Abstract:
A perpendicular magnetic recording (PMR) media including a non-magnetic or superparamagnetic grain isolation magnetic anisotropy layer (GIMAL) to provide a template for initially well-isolated small grain microstructure as well as improvement of K u  in core grains of a magnetic recording layer. The GIMAL composition may be adjusted to have lattice parameters similar to a bottom magnetic recording layer and to provide a buffer for reducing interface strains caused by lattice mismatch between the bottom magnetic recording layer and an underlying layer.

Description:
TECHNICAL FIELD 
     This invention relates to the field of disk drives and more specifically, to perpendicular agnetic recording media with high permeability grain boundaries. 
     BACKGROUND 
     Magnetic recording media has begun to incorporate perpendicular magnetic recording (PMR) technology in an effort to increase areal density and has recently demonstrated densities of 612 Gbits/in 2 . Generally, PMR media may be partitioned into three functional regions: a soft magnetic underlayer (SUL), a nonmagnetic intermediate layer (interlayer) and a magnetic recording layer (RL). Well-isolated smaller grains of higher magnetic anisotropy constant (K u ) for a bottom magnetic recording layer can reduce media noise to achieve these higher areal densities. Enhanced grain isolation in a bottom magnetic recording layer of a PMR media structure, for example, can provide a smaller magnetic cluster size and narrow the size distribution. 

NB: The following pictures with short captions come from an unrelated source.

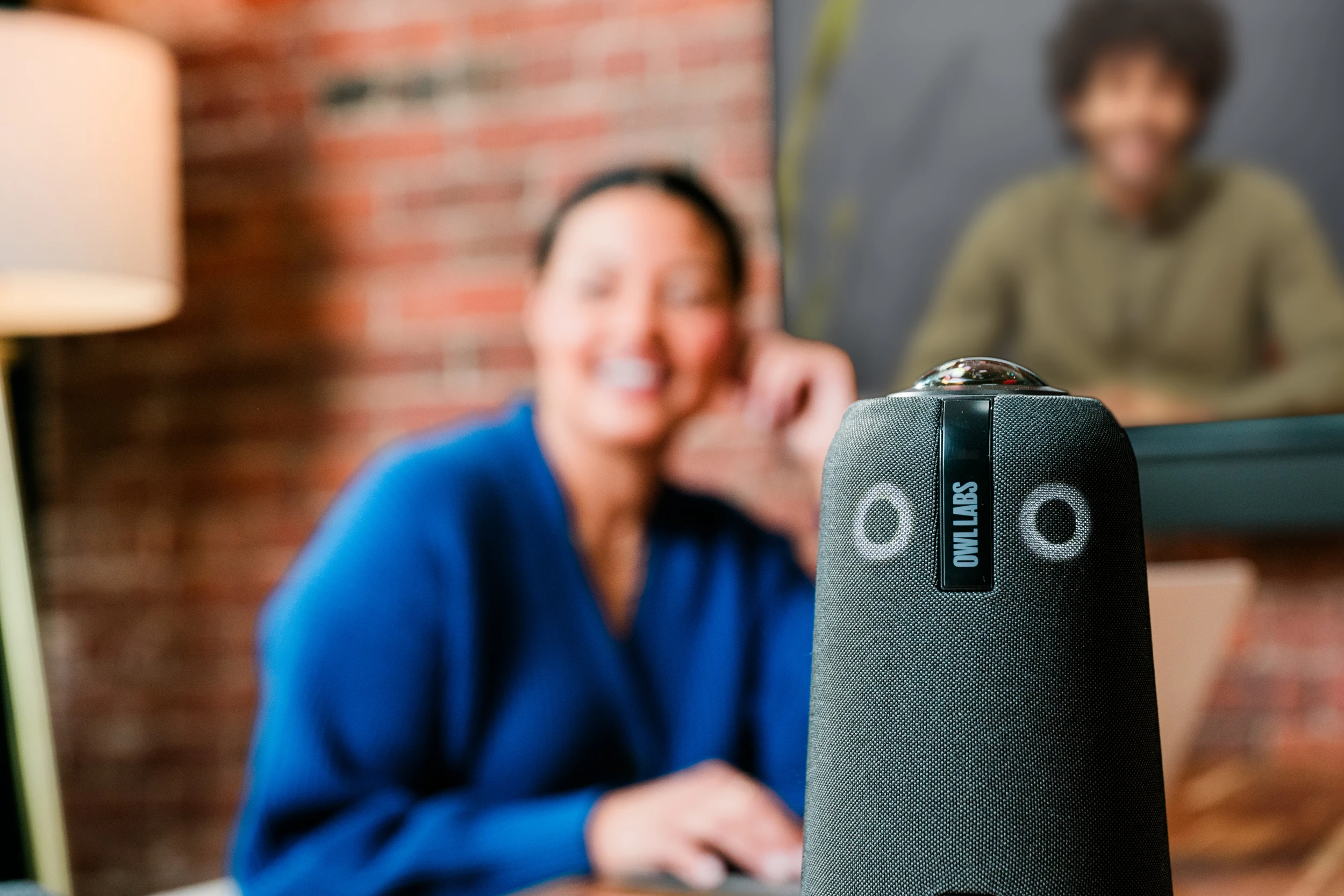 Meeting Owl in clear view with hybrid meeting participants in background
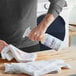 A person using Noble Chemical Vanish Laundry Pre-Spotter to spray a white towel.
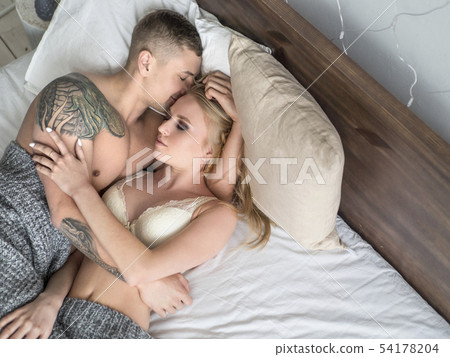 overhead view of couple sleeping in bed at home. Love and relationships concept overhead view of couple sleeping in bed at home. Love and relationships concept 54178204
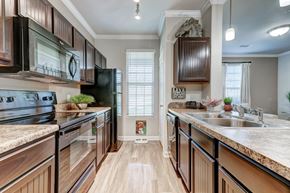 San Antonio apartment for rent - A kitchen with wooden cabinets and a granite countertop.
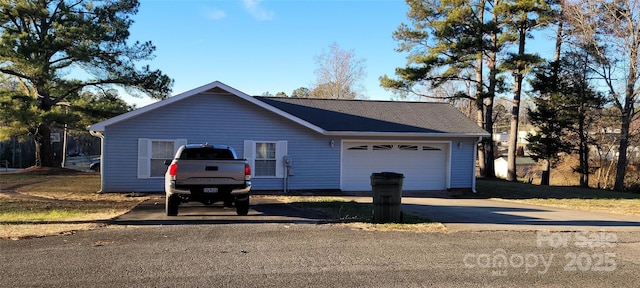 ranch-style home featuring a garage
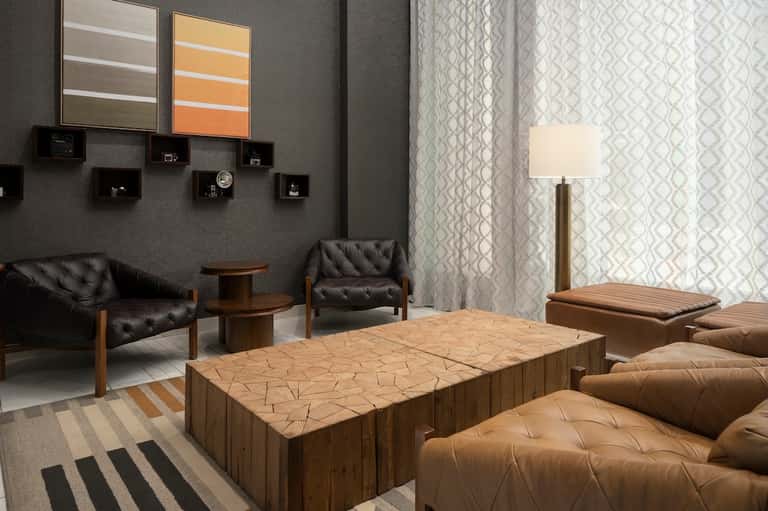 Modern spa relaxation lounge with black leather seating, wood tables, and neutral decor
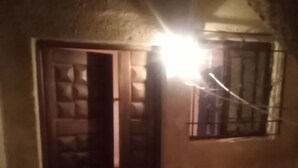 Um quarto com pouca luz, uma porta de madeira e uma janela com grades.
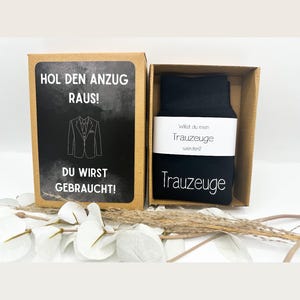 May include: A brown box with a white label that says "Hol den Anzug raus!" and "Du wirst gebraucht!" with a black and white illustration of a suit. The box contains a pair of black socks with a white label that says "Wilst du mein Trauzeuge werden?" and "Trauzeuge".
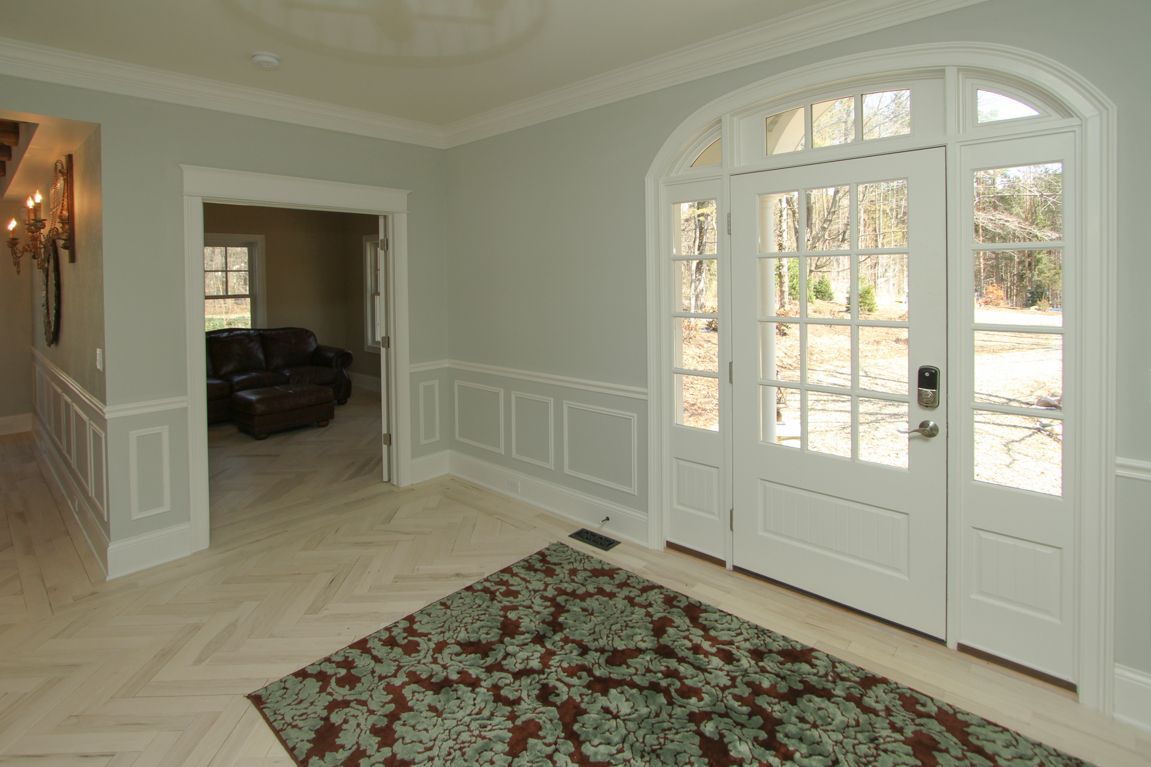 A living room with a rug and a couch in it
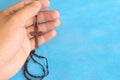 Male hands holding and praying the rosary or scapular in sky blue background. Royalty Free Stock Photo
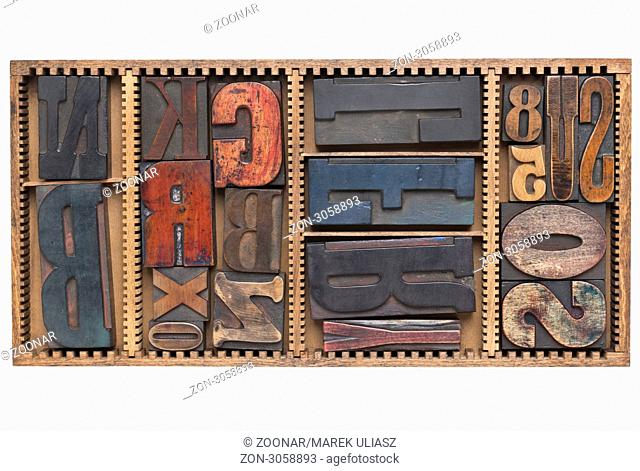 letters and numbers - a variety of vintage letterpress printing blocks in a small wooden typesetter box with dividers, isolated on white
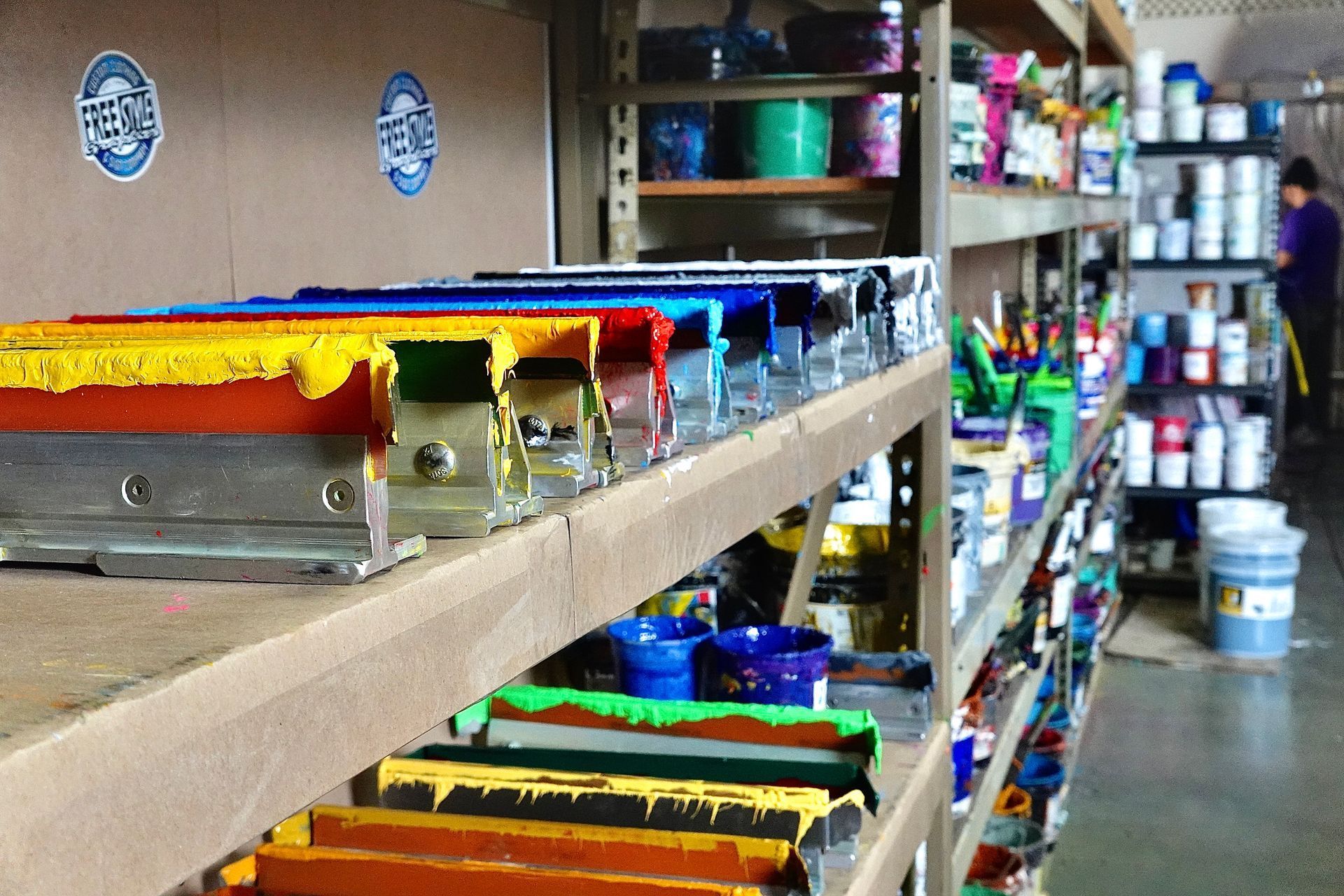 A warehouse filled with lots of different colored paints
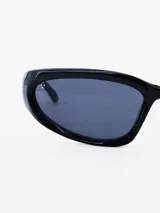 Lentes de sol negros con forma ovalada y patillas gruesas.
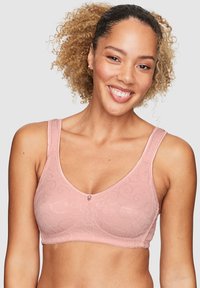 Rosa spetsbralette med en slät yta, delikat svirkningsmönster och en liten mittenknapp. Breda band för komfort och stöd.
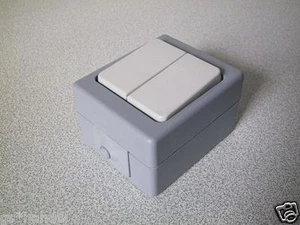 KOPP Serienschalter AP FR STANDARD grau-weiss (IP44) Aufputz Doppel 1polig - Bild 1 von 1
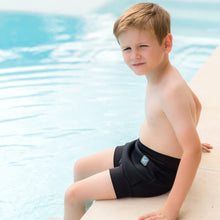 Load image into Gallery viewer, Young boy in black swim shorts sitting by a pool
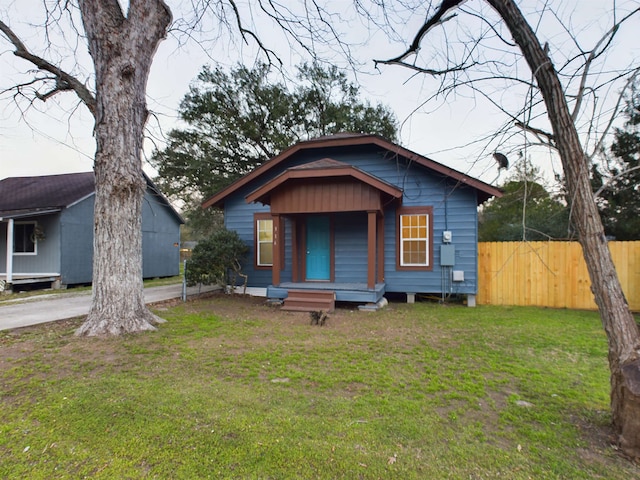 bungalow with a front lawn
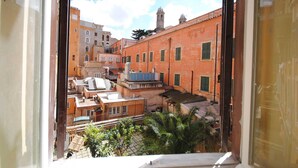 A view from a window overlooking a courtyard with buildings, including a red brick structure with a bell tower. - Domus Ripetta (Rome)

     It has been determined experimentally that the interlayer thickness of recording media shows a strong correlation with receiver overwrite. Since 2000, constant efforts have been made by media companies and the magnetic recording community on reducing the interlayer thickness. Today the thickness of interlayers (e.g., containing Ru) can be reduced to around 10-15 nm from a previous level of around 30-40 nm. Nevertheless, experimental data also shows that a further reduction of Ru interlayer thickness may also have a negative impact on bit error rate (BER) performance due to the resultant c-axis dispersion in recording layers. Since 2005, numerous attempts have unsuccessfully been made to fabricate interlayers with either high permeability or ultra-thin Ru thickness. 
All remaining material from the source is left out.